The body claimed Eskom was “neglecting or refusing” to carry out ministerial determinations around the procurement of renewable energy. The proof of this, according to wind energy association CEO Johan van den Berg, was that Koko had publicly stated that Eskom refused to sign at least one REIPPPP agreement.

This, said Van den Berg, was a tacit admission of guilt because Eskom could not legally decide not to follow a ministerial determination.

“Eskom has no discretion about whether or not it will carry out energy policy as determined by the minister of energy.”

According to Van den Berg, wind projects totalling at least 300 to 400 megawatts were awaiting Eskom’s signature on their power purchase agreements.

These were projects from window 4 of the procurement programme, with low tariffs.

“Their tariffs are about 40% below the cost per kilowatt-hour of Eskom’s Medupi station, and half the cost of the nuclear power Mr Koko is so keen to build,” said Van den Berg.

“They are waiting to put shovels in the ground,” he told City Press.
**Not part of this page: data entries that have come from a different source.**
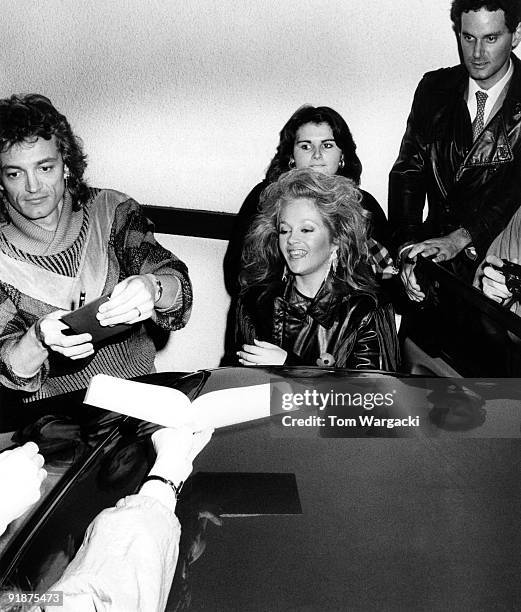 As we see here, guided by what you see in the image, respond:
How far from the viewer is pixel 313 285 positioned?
6.09ft

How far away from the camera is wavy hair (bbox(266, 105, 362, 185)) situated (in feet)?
6.24

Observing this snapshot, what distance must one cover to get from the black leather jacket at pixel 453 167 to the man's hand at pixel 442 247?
16 mm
Van den Berg said it was “expedient” for Eskom to focus on the earliest projects in the REIPPPP and the exceptionally expensive Redstone solar thermal power project.

“Taken as a whole, over 30 years the REIPPPP will contribute by far the lowest-cost electricity – in the form of wind and solar photovoltaic power – that South Africa can buy,” he said.


Even though Nersa was obliged to pass REIPPPP costs to consumers as part of the Eskom tariff, Koko said it would be wrong to conclude that Eskom was unaffected.

When consumers had to pay for the programme, it left Eskom with little room to fund its own projects through the tariff. This included the nuclear power stations it was planning to built over the next decade.

“In 2021 and 2022 the renewable projects will necessitate 6% tariff increases as the power purchase agreements get automatically passed on,” said Koko.

“If Eskom then wants 6% for its own requirements, which is more or less just an inflation adjustment, consumers will face a 12% increase.”

This crowding-out effect would leave Eskom unable to attempt any major capital projects despite the fact that it did not finance the renewable projects itself.